*** Opening of Dataset excerpt ***

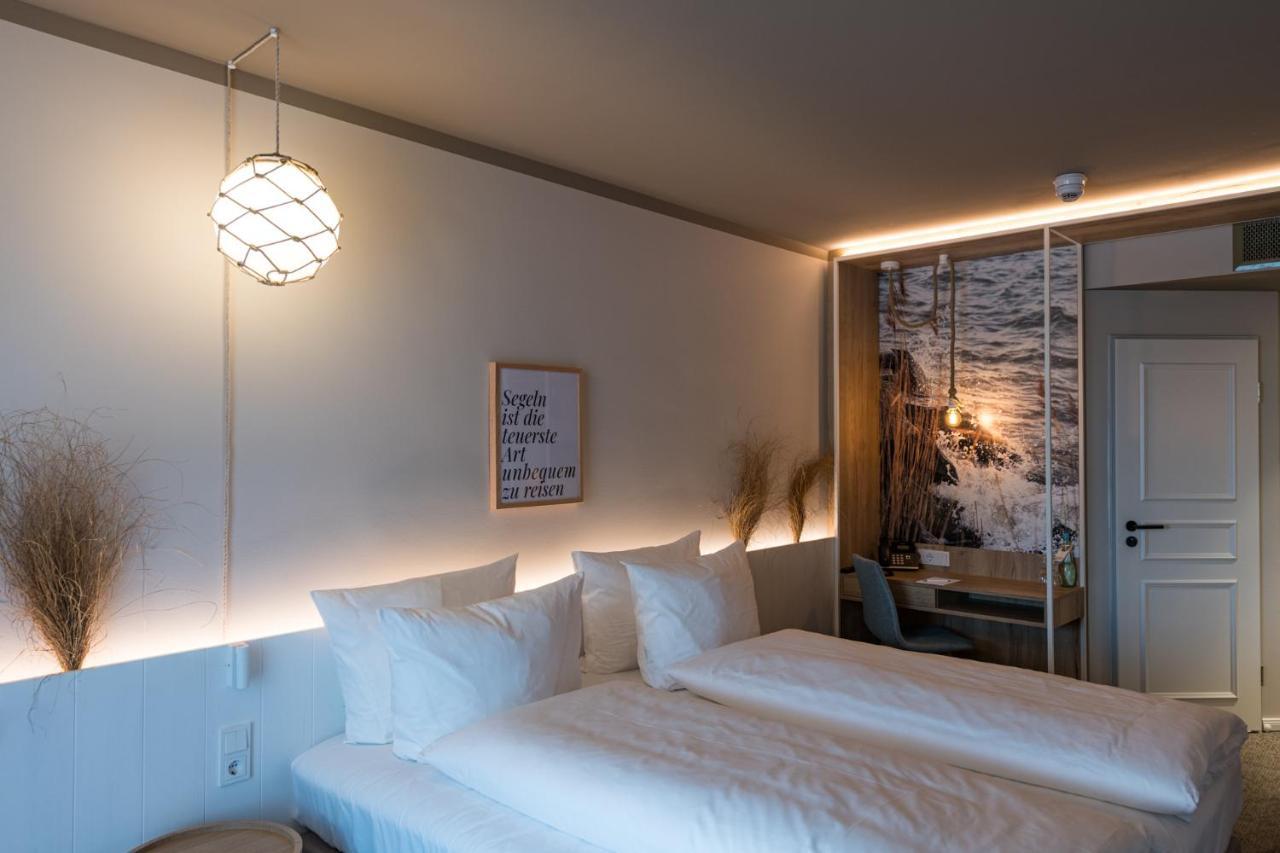 Hafenhotel Zu 푸트버스 외부 사진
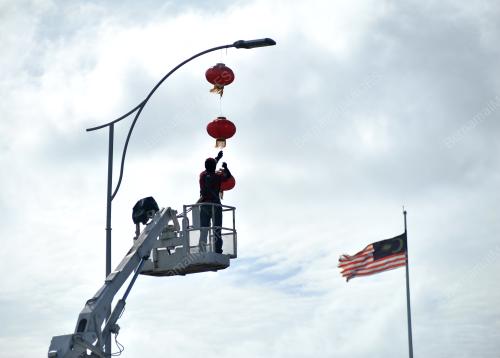 TANGLUNG TAHUN BAHARU CINA 2020
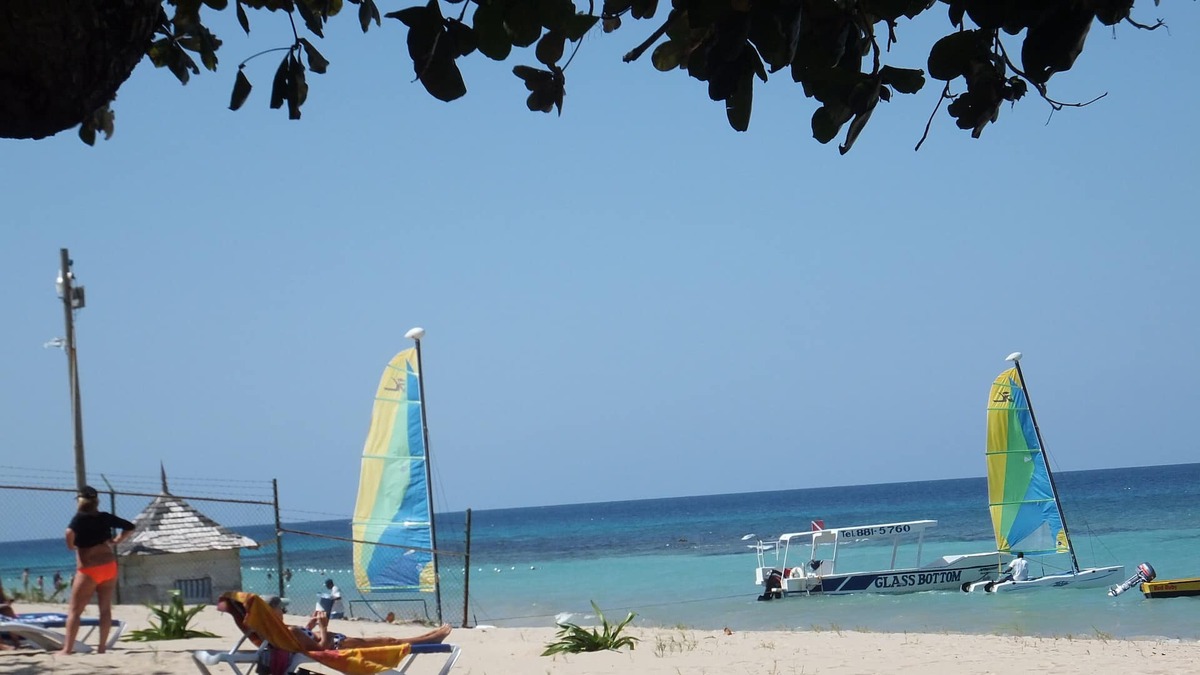 Runaway Bay Villa | TRANQUIL BLISS-FULLY STAFFED 5 EN-SUITE BEDROOM -5 MINS TO BEACH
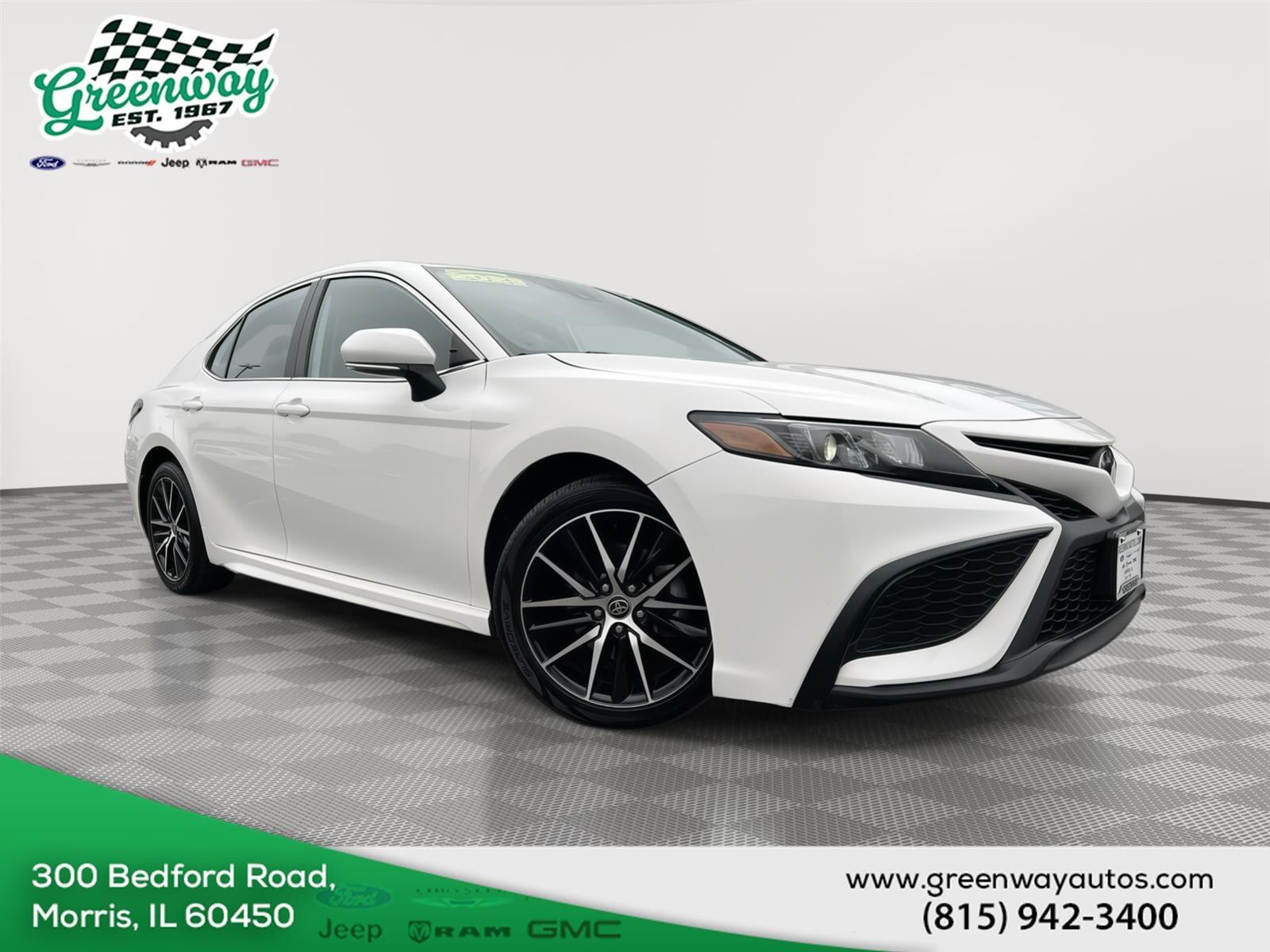 2023 Toyota Camry SE's photo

*** Close of Dataset excerpt ***

What to do → Retype only the lines above from the one with "TANGLUNG TAHUN BAHARU CINA 2020" through the last, both ends included, keeping every picture out of the copy.

Output below →
 TANGLUNG TAHUN BAHARU CINA 2020
 Runaway Bay Villa | TRANQUIL BLISS-FULLY STAFFED 5 EN-SUITE BEDROOM -5 MINS TO BEACH
 2023 Toyota Camry SE's photo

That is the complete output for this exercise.